"Kazuo Ishiguro: Der begrabene Riese": Stochern im Nebel

Kazuo Ishiguro - gefeierter Nobelpreisträger, gepriesen in den Feuilletons, gelobt für "Was vom Tage übrig blieb" - schön und gut, aber das ist natürlich alles nichts gegen die Stahlgewitter eines Buchnomadenabends im schweren Dunst eines englischen Pubs.

Die Einen blieben "ratlos zurück", die Anderen konnten den begrabenen Riesen nicht finden, ein Buchnomade fand das Ganze "sprachlich schwankend", als historisches Gleichnis aber dennoch interessant. Das Urteil spannte sich schließlich von "schon zur Mitte des Buches genervt" bis zum einhelligen Lob für das Mystisch-Übernatürliche des Romans.

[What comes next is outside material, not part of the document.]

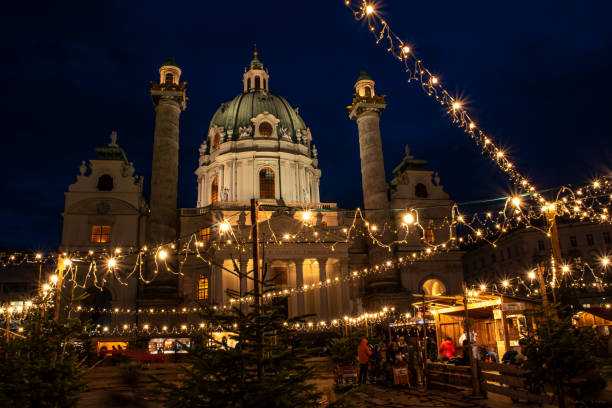 mercatino di natale tradizionale a vienna - karlsplatz foto e immagini stock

Ishiguro erzählt uns die phantastische Geschichte eines alternden Ehepaares, das im frühmittelalterlichen England seine Gemeinschaft verlässt, um seinen Sohn zu suchen. Schon bald wird klar, dass über dem Land ein Vergessen liegt, das auch den beiden Alten die Erinnerung raubt. Nebel liegt über dem Land, der Atem eines Drachen. Auf Ihrer Reise, einer Art Odyssee, haben Axl und Beatrice Abenteuer zu bestehen, die um eben dieses zentrale Thema kreisen: Erinnern und Vergessen. Ein wirre Alte, ein geheimnisvoller Fährmann, ein ehemaliger Ritter der Tafelrunde, ein Waise, ein aussterbender Mönchsorden, ein unerschrockener Krieger - diese rätselhaften Begegnungen tragen den Roman bis zum unausweichlichen Drachenkampf. Mit dem Tod des Drachen droht schließlich nicht nur die Erinnerung an Liebe und Gemeinschaft sondern auch an alte Feindschaft aus Zeiten des Bürgerkrieges zwischen Sachsen und Britanniern zurückzukehren. 

Aber den Gefallen das Ganze aufzulösen tut uns Ishiguro nicht, vielmehr ist das Ende (ist es überhaupt eines?) ein Kunststück wie aus der großen griechischen Sagenwelt. Dieser Schluß, im Bangen um Axl und Beatrice, ist das brillanteste Stück des Romans und ließ auch keinen der Buchnomaden ungerührt zurück.